Wild Dunes Resort, the gated beachfront golf and tennis getaway on the Isle of Palms, is poised for a major expansion.
A 150-room hotel with conference center and rooftop wedding venue will join the four-star 93-room Boardwalk Inn.
The expansion also includes another pool with two hot tubs, a children's pool, a 10,000-square-foot "destination spa" with 14 treatment rooms, and an outdoor restaurant and bar.
The new phase will be built just east of an area called The Village, a 150-unit mix of rentals and residences near the 94-room Boardwalk Inn. The pool complex will replace a traffic circle and parking lot. The hotel will replace the administration building. Parking will be underneath the lodging.
Site work is expect to start in early August, with the demolition of the administration building, according to Dan Battista, senior vice president of development in Charleston for Lowe, the real estate investment firm that owns the resort.
The opening is set for 2020.
Los Angeles-based Lowe, formerly called Lowe Enterprises, has owned Wild Dunes since 1990. It opened the Boardwalk Inn in 1998 and the Village in 2007. The resort includes two golf courses, an acclaimed tennis center and beach access.

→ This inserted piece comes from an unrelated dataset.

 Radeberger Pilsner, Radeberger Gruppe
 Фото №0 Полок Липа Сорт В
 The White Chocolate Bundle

The administration building was built in the early 1980s. The 70 employees who work there will be relocated to a new office on Daniel Island, according to Wild Dunes managing director Frank Fredericks.

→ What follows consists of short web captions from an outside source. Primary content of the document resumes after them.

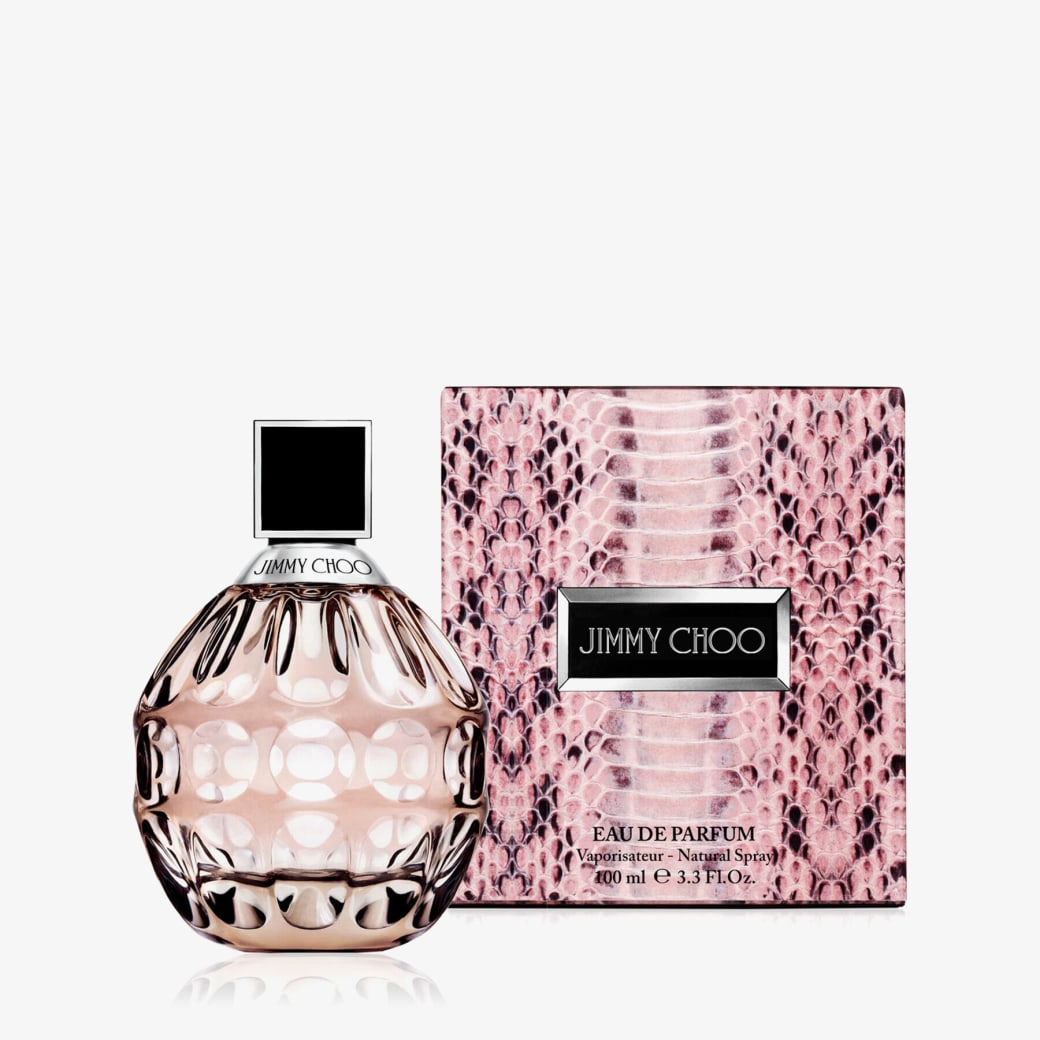 Jimmy Choo Eau de Parfum Review: A Sweet & Bold Icon - Product Image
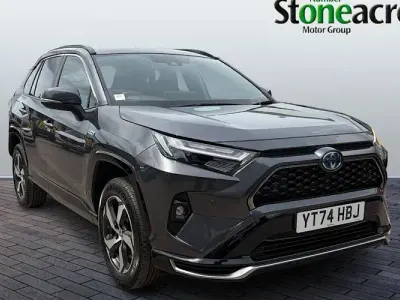 Used Toyota RAV4 Hybrid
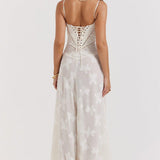 Pernille | Maxi kjole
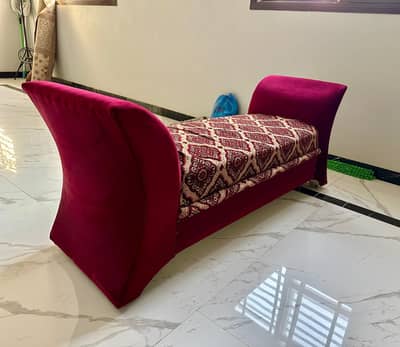 2 Seater Couch for Sale | Good condition.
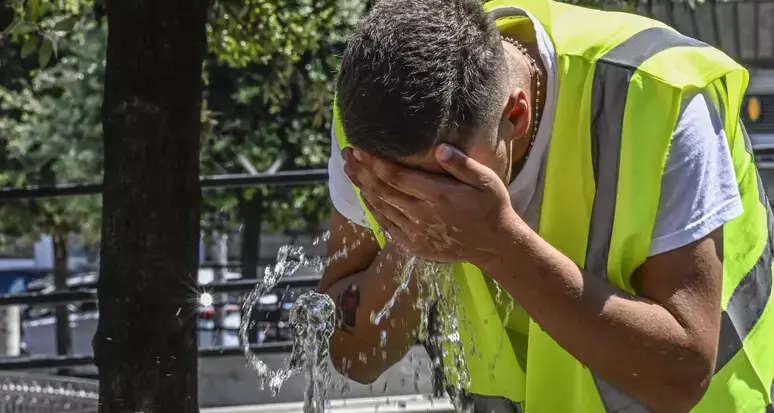 Emergenza caldo in Trentino, il sindacato chiede alla Provincia un'ordinanza per fermare i cantieri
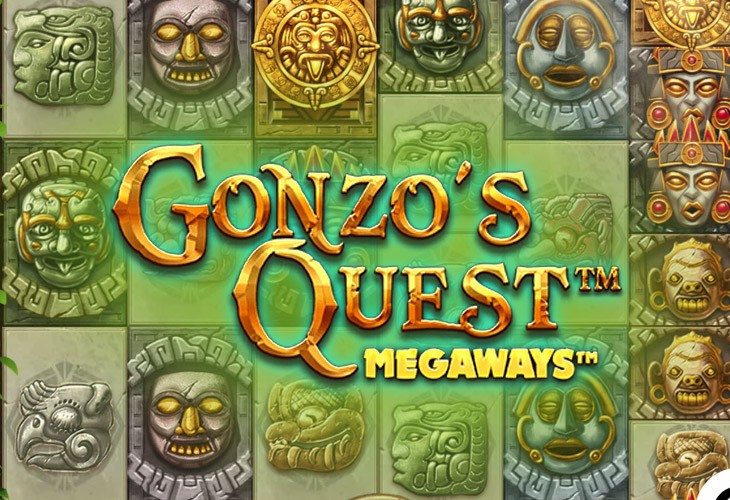 Gonzo’s Quest Megaways by red-tiger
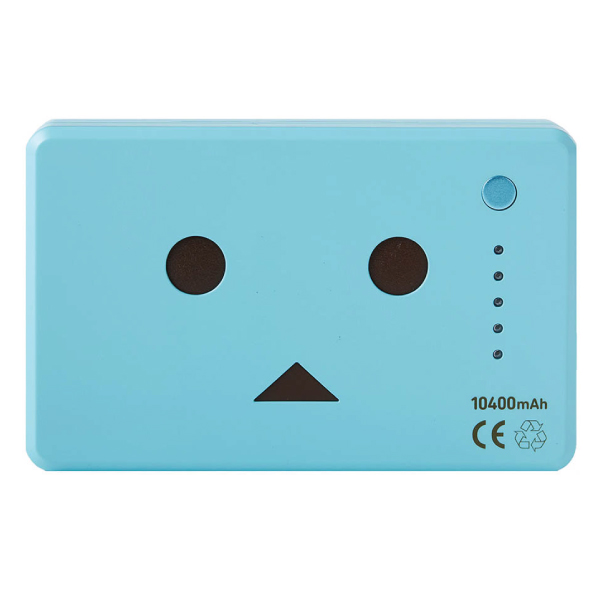 Cheero Flower series 10050 mAh (blue)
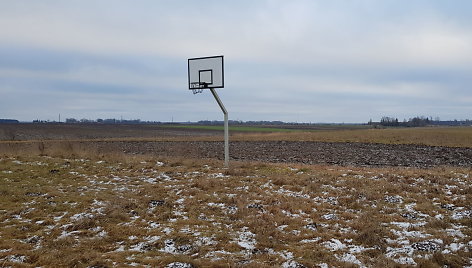 Kelionė po nykstančią Šiaurės Lietuvą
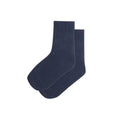 Boys Anklet Socks - Navy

The rooftop wedding space will boast views of the ocean. There has been increasing demand for weddings at Wild Dunes, he said.
"We use third-party industry reporting to determine demand and then project future demand based on those trends," Fredericks said. "There is clear demand as the Charleston area continues to grow in popularity and air service expands."
The new facilities will provide meeting space for 250 to 300 people, doubling the resort's available group space, he said.
Developers have been meeting with Isle of Palms officials and residents to assure them they’re working on ways to minimize congestion from the extra traffic.
Guests will enter through the Palm Gate, the entrance on the western end of Palms Boulevard. To address the extra congestion, the gate will be expanded to include three separate resort lanes in addition to the existing community owner access lane and contractor lane, according to Battista.
Wild Dunes, like much of the rest of the Charleston area, has increasingly shifted from residents to tourists over the last couple decades, and it's accelerating as the region becomes more of an international destination.
Several residents who live near the Palm Gate expressed concern about the increasing noise from parties when council discussed the plans in May.
Kay Greiman has lived for nearly 20 years in a house called Little Fish on 57th Avenue, just south of the construction site outside the Palm Gate. After the meeting, she said her biggest concern was noise from parties on the hotel roof. She said police told her to shut down a party in her back yard at 9:30 p.m. but have allowed parties at Wild Dunes to go until 11 p.m.
"Things have changed drastically," she said. "It used to be pretty quiet back here. It seems that Wild Dunes is given permission to do things that other parts of the island aren’t allowed to do. I’m just trying to make sure they follow the rules like everybody else does."
Jim Smiley lives near the resort on 44th Avenue and also expressed his concerns at the meeting.
"This to me doesn’t seem to be much of a deal to those of us who live along Palm Boulevard," he said. "I’m concerned, disturbed, dismayed at what you’re planning to do to my life."
Councilman Ted Kinghorn pointed out that revenue from tourism is the reason council has not increased property taxes in years.
"We want you to be successful," he told the resort representatives. "I think you’re sensitive to the issues we raised."
About 2,200 residences are within the gates of Wild Dunes, Fredericks said. In the peak of the season, there are typically about 800 vacation rentals, in addition to the current 93 hotel rooms in the Boardwalk Inn.